Wednesday, October 19, 2011

Waving at the natives

Nine hours on the bus today - twenty-three seats, eleven travellers, and countless bumps and turns from Coonoor to Munnar. These are both hill towns, separated by a vast plain at about 400 metres. Across the plains we see coconut palms, ginger, sugar cane and rice, the rice more so at sea level. In places, narrow streams fed by mountain rain flow through forests of beetel nut palms or ginger.

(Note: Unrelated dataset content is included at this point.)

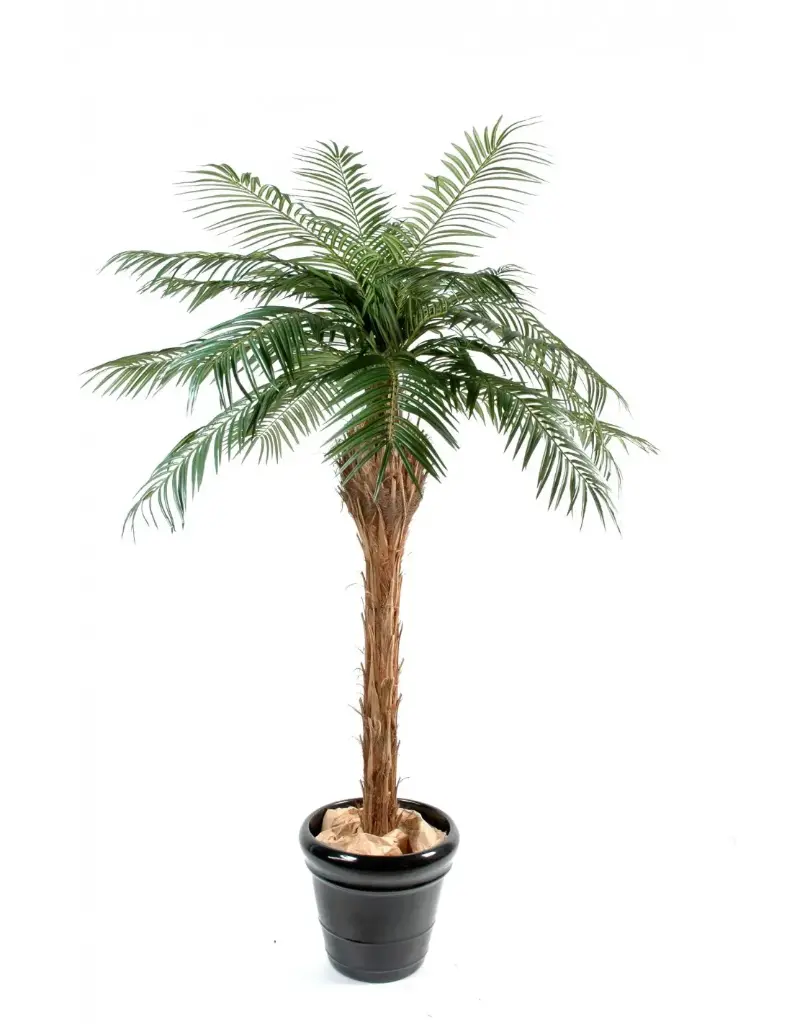 Palme Phönix 1.80m mit Topf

All along the way, townspeople go about their business, generally oblivious to the bus nudging its way through their streets. Looking out, you notice the men with their lustrous black hair well beyond middle age, and nary a sign of male pattern baldness. The women's hair too is dark and long, some trying to emulate the images of impossibly beautiful women on billboards, cloaked in saris and bejewelled in gold, diamonds and other precious gems. No matter a person's station in life and apparent poverty, most women have some form jewellery - bangles, bracelets and anklets; toe, nose and earrings.

In the hills, the crop is tea, grown between 3000 and 7000 metres. As we climb to Munnar, mist clings to the tea bushes carpeting the slopes, with a criss-cross of paths for the pickers to move around. Only women, generally from the state of Tamil Nadu, are employed to pick tea in this region. Interspersed among the bushes - tea is actually a tree, but is kept to 2 foot bush height for ease of picking - are imported Australian she-oaks, planted to give shade to the bushes during the hotter times. The seeds for the she-oaks were actually not imported, but smuggled into India illegally in the skirts of the wife of a planter!